• _The task_: Copy out all of the data below with no alterations.

>>>>>

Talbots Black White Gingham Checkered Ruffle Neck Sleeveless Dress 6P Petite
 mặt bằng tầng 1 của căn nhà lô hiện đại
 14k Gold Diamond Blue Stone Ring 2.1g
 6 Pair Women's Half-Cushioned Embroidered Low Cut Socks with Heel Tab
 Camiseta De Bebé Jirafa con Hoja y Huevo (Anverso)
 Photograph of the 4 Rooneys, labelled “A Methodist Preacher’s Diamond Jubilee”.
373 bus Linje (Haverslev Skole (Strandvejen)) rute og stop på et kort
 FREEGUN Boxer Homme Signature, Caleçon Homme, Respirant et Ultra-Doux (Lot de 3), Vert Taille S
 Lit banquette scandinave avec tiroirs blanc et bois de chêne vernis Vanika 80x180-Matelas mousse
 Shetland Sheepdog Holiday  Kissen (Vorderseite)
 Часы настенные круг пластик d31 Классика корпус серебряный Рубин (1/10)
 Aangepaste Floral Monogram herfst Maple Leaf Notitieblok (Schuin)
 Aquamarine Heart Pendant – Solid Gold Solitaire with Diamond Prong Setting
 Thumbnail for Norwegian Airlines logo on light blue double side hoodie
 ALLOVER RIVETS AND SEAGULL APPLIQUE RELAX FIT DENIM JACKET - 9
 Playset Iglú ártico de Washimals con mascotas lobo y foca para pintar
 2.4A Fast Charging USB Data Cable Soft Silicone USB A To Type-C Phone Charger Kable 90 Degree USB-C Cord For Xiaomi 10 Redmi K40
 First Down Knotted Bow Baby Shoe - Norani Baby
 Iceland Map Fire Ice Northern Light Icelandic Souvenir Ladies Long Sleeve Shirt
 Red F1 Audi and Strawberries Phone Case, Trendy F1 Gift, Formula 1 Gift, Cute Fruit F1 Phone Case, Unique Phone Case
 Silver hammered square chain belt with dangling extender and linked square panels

<<<<<

• _Exercise answer_:
Talbots Black White Gingham Checkered Ruffle Neck Sleeveless Dress 6P Petite
 mặt bằng tầng 1 của căn nhà lô hiện đại
 14k Gold Diamond Blue Stone Ring 2.1g
 6 Pair Women's Half-Cushioned Embroidered Low Cut Socks with Heel Tab
 Camiseta De Bebé Jirafa con Hoja y Huevo (Anverso)
 Photograph of the 4 Rooneys, labelled “A Methodist Preacher’s Diamond Jubilee”.
373 bus Linje (Haverslev Skole (Strandvejen)) rute og stop på et kort
 FREEGUN Boxer Homme Signature, Caleçon Homme, Respirant et Ultra-Doux (Lot de 3), Vert Taille S
 Lit banquette scandinave avec tiroirs blanc et bois de chêne vernis Vanika 80x180-Matelas mousse
 Shetland Sheepdog Holiday  Kissen (Vorderseite)
 Часы настенные круг пластик d31 Классика корпус серебряный Рубин (1/10)
 Aangepaste Floral Monogram herfst Maple Leaf Notitieblok (Schuin)
 Aquamarine Heart Pendant – Solid Gold Solitaire with Diamond Prong Setting
 Thumbnail for Norwegian Airlines logo on light blue double side hoodie
 ALLOVER RIVETS AND SEAGULL APPLIQUE RELAX FIT DENIM JACKET - 9
 Playset Iglú ártico de Washimals con mascotas lobo y foca para pintar
 2.4A Fast Charging USB Data Cable Soft Silicone USB A To Type-C Phone Charger Kable 90 Degree USB-C Cord For Xiaomi 10 Redmi K40
 First Down Knotted Bow Baby Shoe - Norani Baby
 Iceland Map Fire Ice Northern Light Icelandic Souvenir Ladies Long Sleeve Shirt
 Red F1 Audi and Strawberries Phone Case, Trendy F1 Gift, Formula 1 Gift, Cute Fruit F1 Phone Case, Unique Phone Case
 Silver hammered square chain belt with dangling extender and linked square panels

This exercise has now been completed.